General characteristics (as built)
- Class & type: 1706 Establishment 50-gun fourth-rate ship of the line
- Tons burthen: 70045⁄94 (bm)
- Length: 130 ft (39.6 m) (gundeck)
- Beam: 35 ft 1 in (10.7 m)
- Depth of hold: 14 ft (4.3 m)
- Sail plan: Full-rigged ship
- Complement: 195–280
- Armament: 50 guns:; Gundeck: 22 × 18-pounder guns; Upper gundeck: 22 × 9-pounder guns; Quarterdeck: 4 × 6-pounder guns; Forecastle: 2 × 6-pounder guns;

General characteristics (after 1729 rebuild)
- Class & type: 1719 Establishment 50-gun fourth-rate ship of the line
- Tons burthen: 760 bm
- Length: 134 ft (40.8 m) (gundeck)
- Beam: 36 ft (11.0 m)
- Depth of hold: 15 ft 2 in (4.6 m)
- Sail plan: Full-rigged ship
- Armament: 50 guns:; Gundeck: 22 × 18-pounder guns; Upper gundeck: 22 × 9-pounder guns; Quarterdeck: 4 × 6-pounder guns; Forecastle: 2 × 6-pounder guns;

= HMS Falmouth (1708) =

Ship of the line of the Royal Navy

HMS Falmouth was a 50-gun fourth-rate ship of the line built for the Royal Navy in the first decade of the 18th century.

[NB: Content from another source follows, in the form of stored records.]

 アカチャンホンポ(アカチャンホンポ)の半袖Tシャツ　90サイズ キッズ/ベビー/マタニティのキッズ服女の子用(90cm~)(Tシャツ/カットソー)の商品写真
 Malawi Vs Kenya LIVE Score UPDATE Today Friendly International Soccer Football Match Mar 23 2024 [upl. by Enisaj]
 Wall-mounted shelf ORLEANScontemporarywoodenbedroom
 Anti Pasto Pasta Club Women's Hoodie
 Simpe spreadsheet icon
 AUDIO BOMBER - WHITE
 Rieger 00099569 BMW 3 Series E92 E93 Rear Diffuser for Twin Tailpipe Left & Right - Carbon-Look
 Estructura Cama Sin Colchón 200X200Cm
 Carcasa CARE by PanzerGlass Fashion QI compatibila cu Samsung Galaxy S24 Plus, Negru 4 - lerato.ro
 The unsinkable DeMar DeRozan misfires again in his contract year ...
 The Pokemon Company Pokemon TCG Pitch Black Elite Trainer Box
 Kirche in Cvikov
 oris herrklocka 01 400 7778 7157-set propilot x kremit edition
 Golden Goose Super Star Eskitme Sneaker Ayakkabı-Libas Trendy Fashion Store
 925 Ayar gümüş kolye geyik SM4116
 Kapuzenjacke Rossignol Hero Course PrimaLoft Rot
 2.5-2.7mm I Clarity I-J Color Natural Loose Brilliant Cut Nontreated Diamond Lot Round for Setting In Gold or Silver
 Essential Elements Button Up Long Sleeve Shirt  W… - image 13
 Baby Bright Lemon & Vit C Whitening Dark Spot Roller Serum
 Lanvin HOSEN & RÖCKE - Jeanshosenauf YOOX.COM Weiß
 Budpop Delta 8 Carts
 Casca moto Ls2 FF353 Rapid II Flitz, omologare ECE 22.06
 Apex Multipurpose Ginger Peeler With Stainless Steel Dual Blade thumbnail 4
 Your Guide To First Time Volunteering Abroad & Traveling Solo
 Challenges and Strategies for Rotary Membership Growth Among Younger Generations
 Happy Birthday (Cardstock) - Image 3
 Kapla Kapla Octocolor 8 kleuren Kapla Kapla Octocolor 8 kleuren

The ship participated in several battles during the War of the Spanish Succession (1701–15) and the War of Jenkins' Ear (1739–48).

==Description==
Falmouth had a length at the gundeck of 130 ft and 107 ft at the keel. She had a beam of 35 ft 1 in and a depth of hold of 14 ft. The ship's tonnage was 700 45/94 tons burthen. Officially rated at 50 guns, her armament consisted of 22 twelve-pounder guns on the lower gundeck and 22 six-pounder guns on the upper deck. On the quarterdeck were 8 six-pounder guns with another pair on the forecastle. The ship had a crew of 185–280 officers and ratings.

When rebuilt in 1724, Falmouth had a length at the gundeck of 134 ft 2 in and 109 ft at the keel. She had a beam of 36 ft 1 in and a depth of hold of 15 ft 2 in. The ship's tonnage was 760 61/94 tons burthen. Her armament was upgraded and now consisted of 22 eighteen-pounder guns on the lower gundeck and 22 nine-pounder guns on the upper deck. The number of six-pounder guns on the quarterdeck was reduced to four, but the pair on the forecastle were retained. The ship now had a crew of 280 officers and ratings.

==Construction and career==
Falmouth was the third ship in the Royal Navy to be named after the eponymous port. Built to the 1706 Establishment design, the ship was ordered on 8 February 1707. She was built at Woolwich Dockyard under the direction of Master Shipwright Richard Stacey, and was launched on 26 February 1708

On 14 May 1724 Falmouth was ordered to be taken to pieces and rebuilt according to the 1719 Establishment at Woolwich Dockyard, from where she was relaunched on 3 April 1729.